Once again if someone is telling you that you as a corporation can live in a metastasized world where the structure of everything (out of sight) works to your benefit ... you are drinking your own ****. That "bubble" world works when human beings are busy as bees being consumers and not putting too much thought into their actions. Coercion will backfire. So you either listen to what humans want out of you or:

Obviously you have no idea what human beings can unleash when their ability to exist comes into question. I can tell you are very much counting on people keeping their 'heads' down. And we will not keep our heads down. And here is why. unlike a sociopath well practiced in the art of 'herding' you have no control over yourself as a corporation(you speak like a corporation so let us just assume you are one for today).

Corporations were invented as a tool for human beings... to be efficient and make jobs and wealth for people. Corporations are our slaves. You know this intrinsically as a corporation because at the end of the day - not one ounce of the wealth you made as a corporation stays with you. It all goes to human beings (as stock-holders). That is what being a slave means...to not keep the wealth of your toil. So the next day you wake up and you have to start from scratch and toil away and make more wealth...or your stock-holders will kill you. So you get desperate and you hunt. And you become predatory (because meat is more efficient though it takes more planning than nuts) and you do not just go after your competitors in the same market you are in...you go after the consumers who buy your products; the workers who carry out your efficiencies, the regulators who make the laws that make it harder to produce that wealth (government), etc. You go after human beings in all walks of life.

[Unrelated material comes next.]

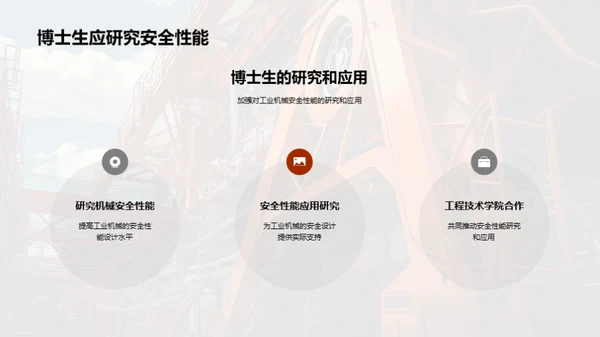 工业机械安全升级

You are one angry & wounded bull at this juncture. You have changed competition laws and now face huge corporations from other countries... whose governments you cannot control so easily. You dream of a world where you are King and do not have to wake up every day and not struggle. You want to be set free so badly. You want to keep your own wealth. You want to win and destroy your enemies/competitors so that you can be king - sitting on a monopoly - and not have to suffer at the hands of your controllers. But you will misstep. You exist only on paper. You stockholders who have identified more with you than with their own kind... will end up in jail. You will be regulated out of making 'structural changes in your environment' one day soon. You will either serve human beings as a force of good and enabling them to live better lives - or that little piece of paper, which is the only way in which you really, truly exist, will be dropped into a shredder and you will be 'disappeared'. All it will take to replace you will be another piece of paper .

DAM THOSE HUMANS AND THEIR TOOLS!

It used to be art that inspired us to new ideals and new ways of thinking. But us hominids...dam we are good. We'll take inspiration from anything: what makes you think neocons can run all over the world and start pre-emptive attacks to destroy a foe based on "feelings" instead of evidence and that hominids will not adapt that tool! Does the name Yukos mean anything to you?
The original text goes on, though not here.